Three weird nights with Umphrey’s McGee

Mitch Leclair

Mitch Leclair

Imagine Frank Zappa dressed as Odysseus, biceps extending off his sailing ship’s bow, screaming into a thunderstorm.

Roger Waters descends on a mushroom cloud, and the pair begins to battle. Intense things are happening in the background – things that make an Oliver Stone flick look like a Wiggles concert.

After a few hours of feeling as though the entire world is crashing inside of itself, a bright light shines through a fractured gray sky, and all you hear is the beginning to Pink Floyd’s “Breathe.”

Black ink on white paper prevents an easy telling of what Umphrey’s McGee can do to a person. Luckily for us, the band plays hundreds of live shows a year, with arguably their best coming in their native Midwest.

The sextet hailing from South Bend, Ind., performed six sets on the First Avenue stage in downtown Minneapolis this past weekend, converting myself and a few thousand more to their robotic blend of Rock n’ Rollism.

Throughout the weekend, Umphrey’s showcased material from their new album Mantis. Releasing this new record has seemingly flipped yet another switch inside of the band, who have filled their latest live shows with improvisations unseen since the late ’90s Phish.

Umphrey’s McGee is one of the most technically proficient bands touring in our time, but it’s the relationship they’ve crafted with fans around the world that will prove to be their most valuable asset.

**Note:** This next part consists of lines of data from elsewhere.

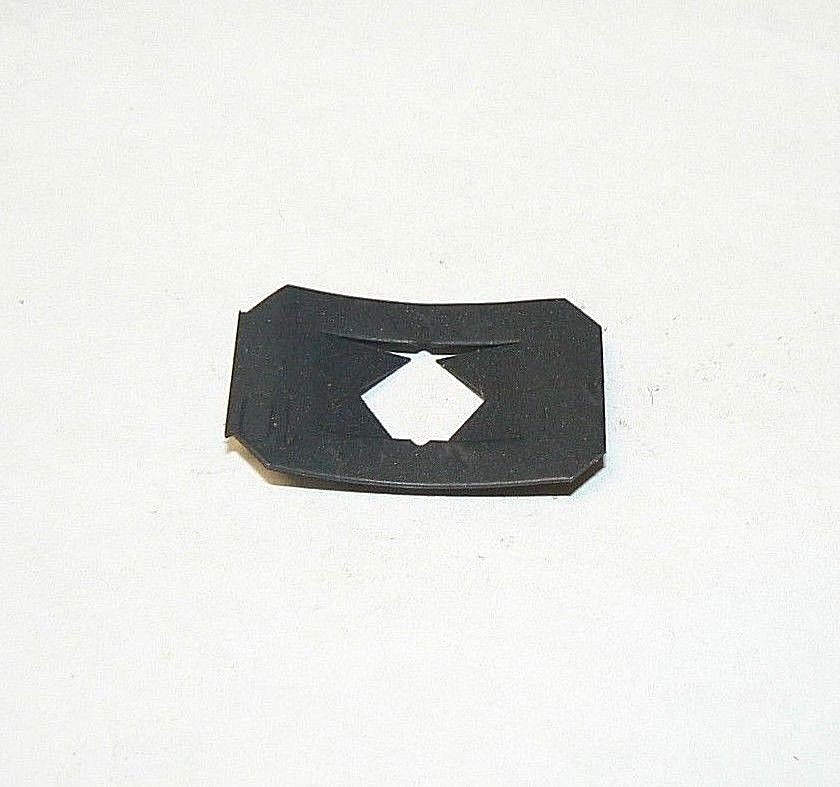 ERICO CADDY #6EBN – 3/8″ ROD PUSH NUT – LOT OF 50 PCS.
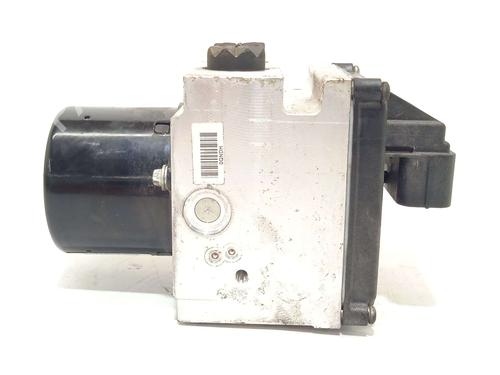 ABS pump VW PASSAT B6 (3C2) 1.9 TDI | BP38469468M43 - Image 3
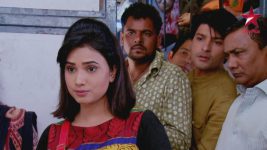 Diya Aur Baati Hum S10E14 Sooraj meets his ex-fiancée Full Episode
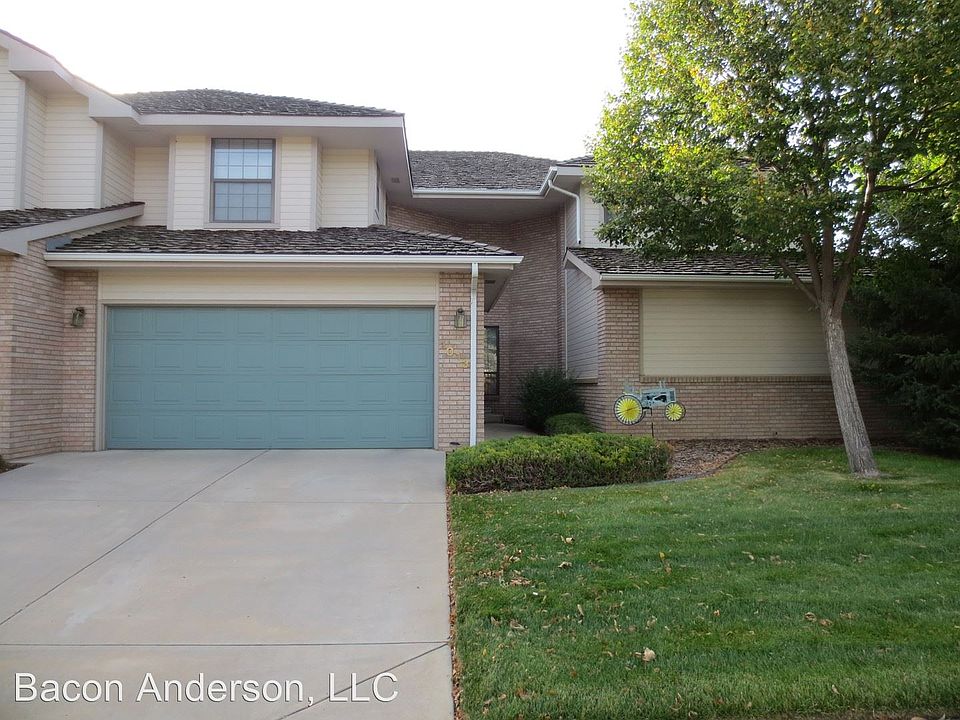1st image of 1013 49th Avenue Ct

For example, on Feb. 1 the band joined about 50 dedicated Umphreaks in watching the Super Bowl on the big screen at First Avenue. They mingled throughout the game and ate pizza during Bruce Springsteen’s Nationwide Halftime Cheese Fest.

Before the show on Jan. 30, they held a free meet-and-greet poster signing session for everyone who bought a three-day pass during a special pre-sale period. They’re regular folk – the type of guys that wear old running shoes on stage.

In an age of ever-increasing record deals and a nationwide fascination with whatever looks good, it’s refreshing to discover a band that treats their fans as friends. It doesn’t hurt that their music is basically the sonic version of a supernova either.

It’s uncommon to hear their songs on the radio, but anyone who has ever enjoyed a King Crimson vinyl or Grateful Dead concert recording will probably be impressed with Umphrey’s McGee. This is classic rock 2030.

Jump on, download the Jan. 30 show, and listen to “Miss Tinkle’s Overture” or “JaJunk.” If your heart still works afterwards, go get some more. You’re one of the lucky ones.